=== PROMPT ===
In the records below, find the line containing "Ласты длинные Marlin Triton Brown", then print it and every following line exactly, through the last, without pictures.

=== TASK INPUT ===
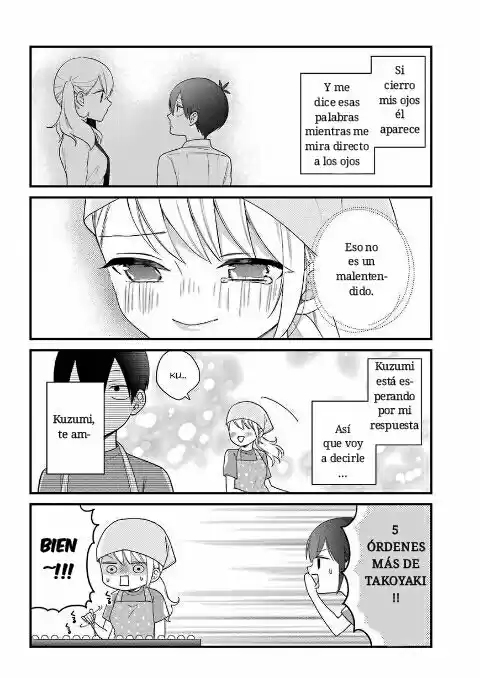 Kuzumi-kun, can't you read the room (2015) - Capítulo 44 - Página 4 - LectorTMOo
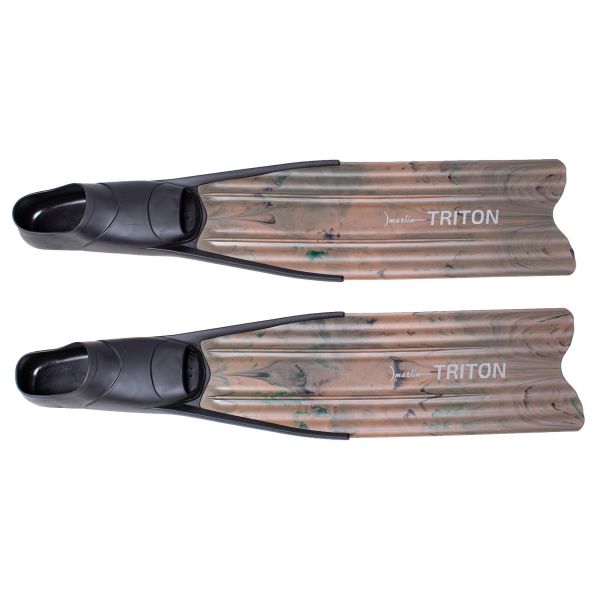 Ласты длинные Marlin Triton Brown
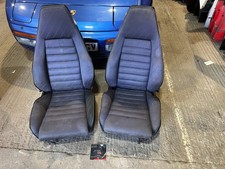 Porsche 924 / early 944 pair of Recaro sport seats, early type, used front seats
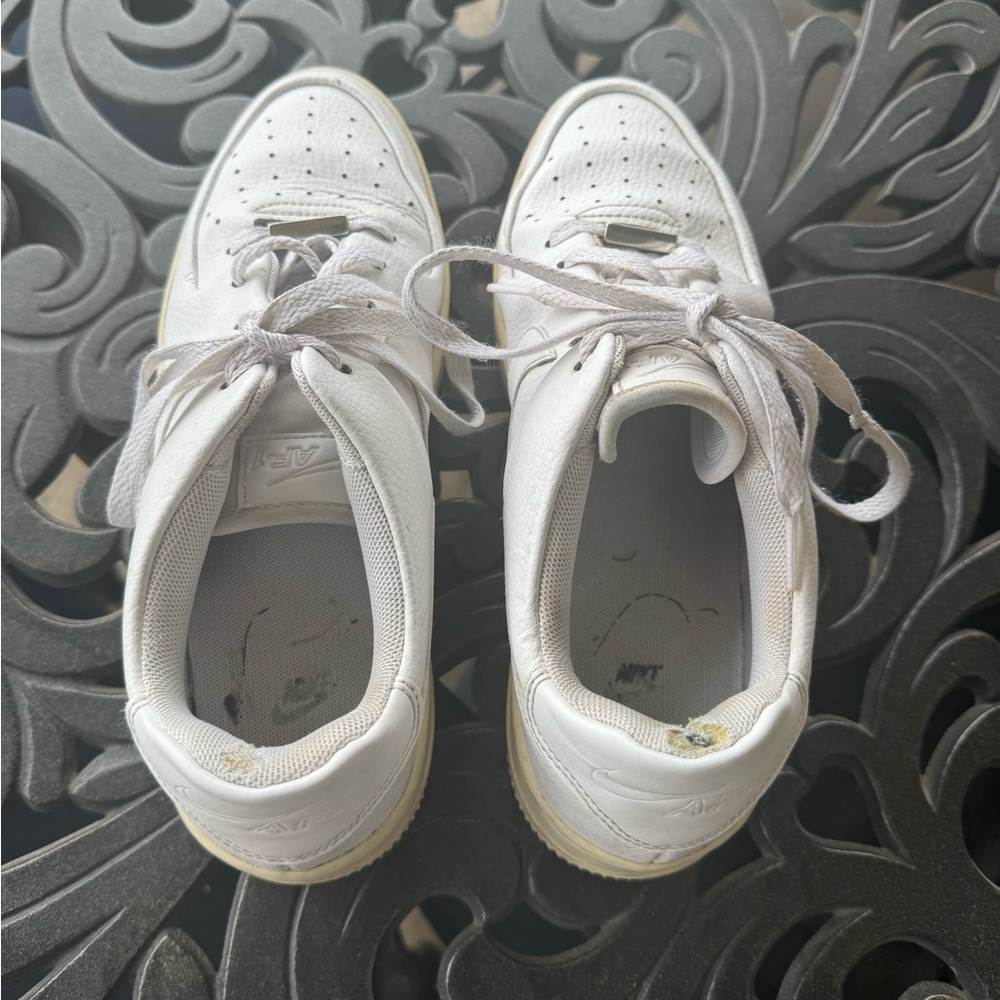 Nike White Label with QR Code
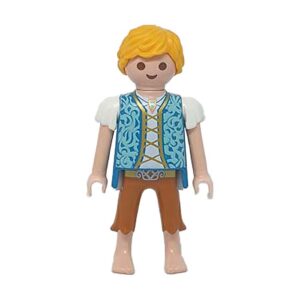 Playmobil Vader figuren Schilder, Indiaan, Steenrijk, Prins, Koning, Puber jongen, Knappe Onbereikbare Man en Opa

=== EXERCISE RESPONSE ===
 Ласты длинные Marlin Triton Brown
 Porsche 924 / early 944 pair of Recaro sport seats, early type, used front seats
 Nike White Label with QR Code
 Playmobil Vader figuren Schilder, Indiaan, Steenrijk, Prins, Koning, Puber jongen, Knappe Onbereikbare Man en Opa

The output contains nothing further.